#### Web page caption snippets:

◇ ◇ ◇ ◇

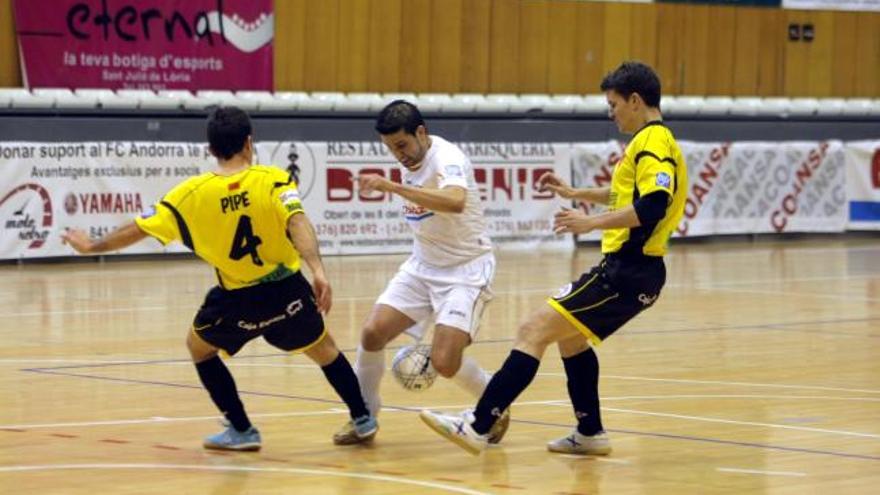 Pipe y Silami intentan arrebatar el balón a un jugador del Andorra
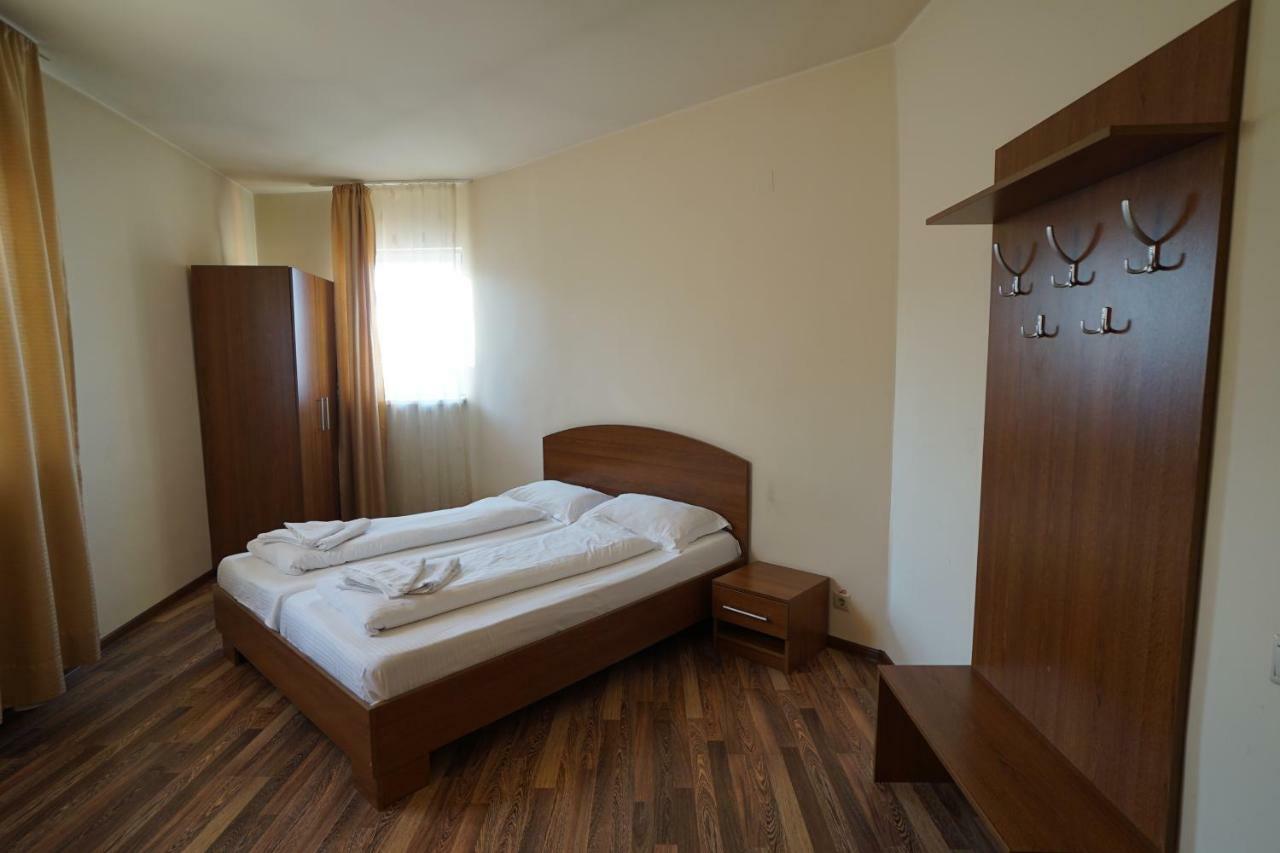 Pensiunea Flamingo Sibiu Exterior photo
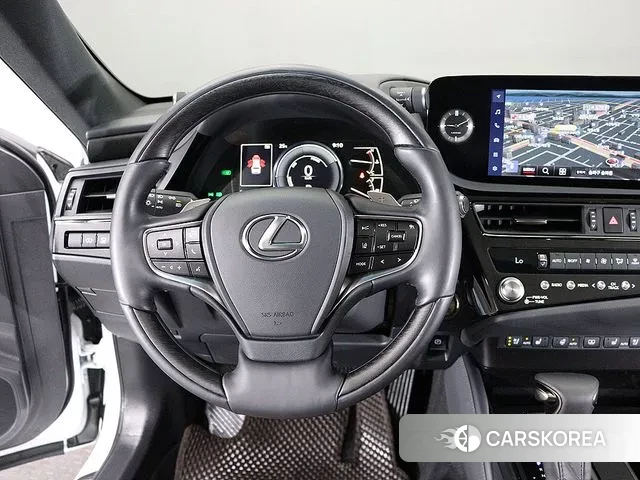 Lexus ES300h 7th generation 2024 Белый из Кореи, фото 3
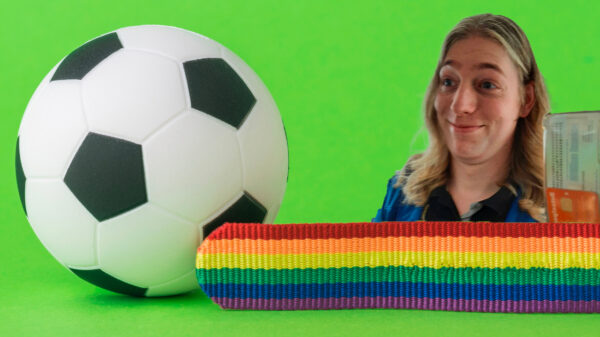 31-jarige transgender hoopt van de KNVB met 15-jarige meisjes te mogen voetballen en om te kleden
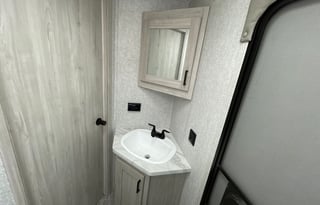 "Frio" - Insurance Included - Deliverable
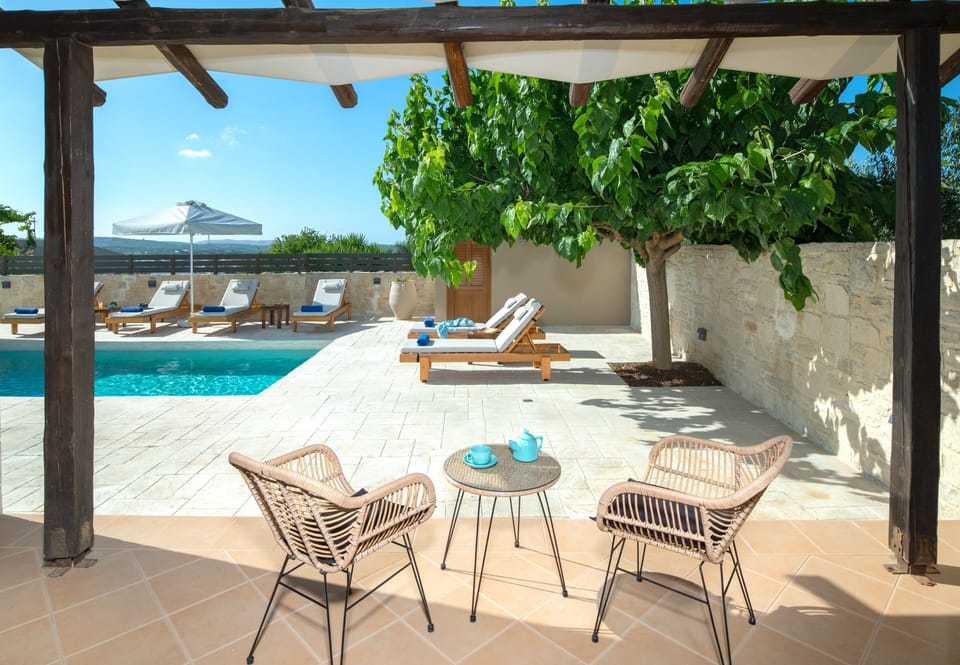 Pool surrounding that stimulate the senses.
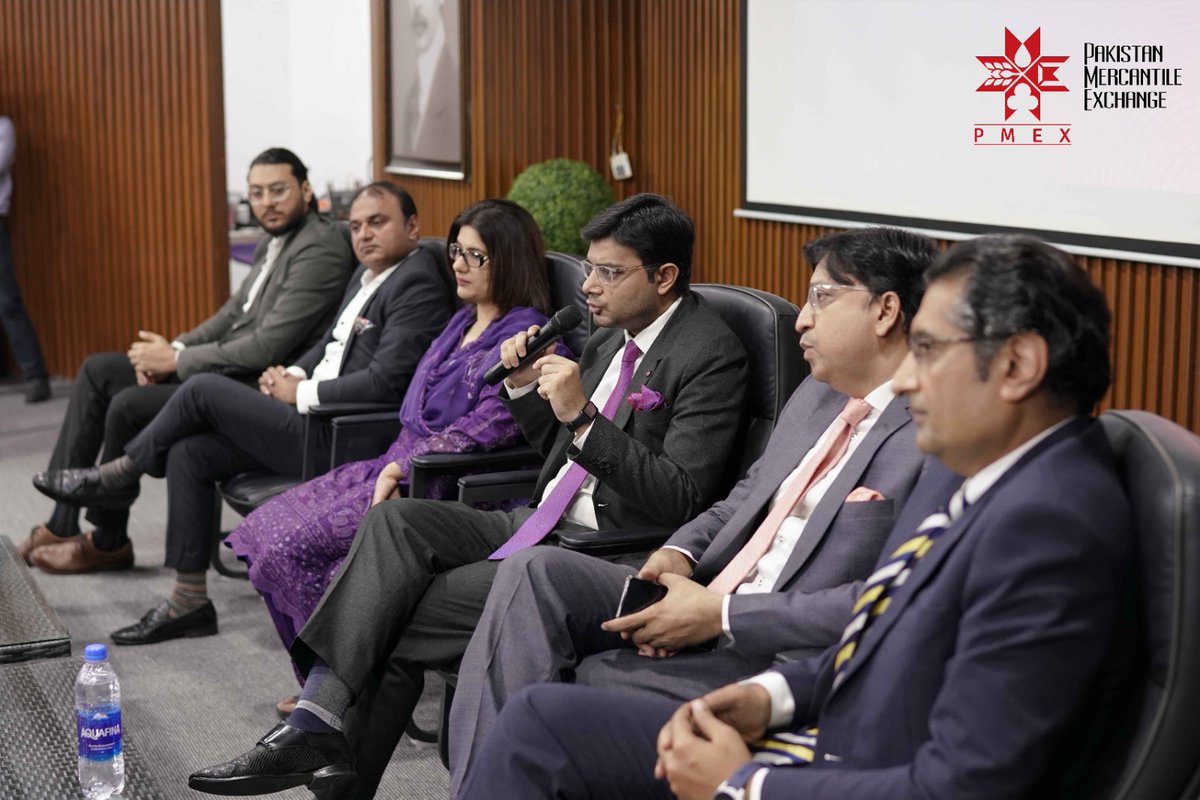 ArifHabibLtd's tweet image. Team AHL participated in Financial Inclusion Festival Awareness Session &amp;amp; Exhibition at @MiteUniversity  

#FinancialInclusionDay #WorldInvestorWeek #SECP #MITE #EmpowermentThroughEducation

◇ ◇ ◇ ◇

#### YOUR ASSIGNMENT:
Reproduce the records above from their first line to the line bearing "Pool surrounding that stimulate the senses.", both ends included, leaving every picture out.

#### REPLY:
 Pipe y Silami intentan arrebatar el balón a un jugador del Andorra
 Pensiunea Flamingo Sibiu Exterior photo
 Lexus ES300h 7th generation 2024 Белый из Кореи, фото 3
 31-jarige transgender hoopt van de KNVB met 15-jarige meisjes te mogen voetballen en om te kleden
 "Frio" - Insurance Included - Deliverable
 Pool surrounding that stimulate the senses.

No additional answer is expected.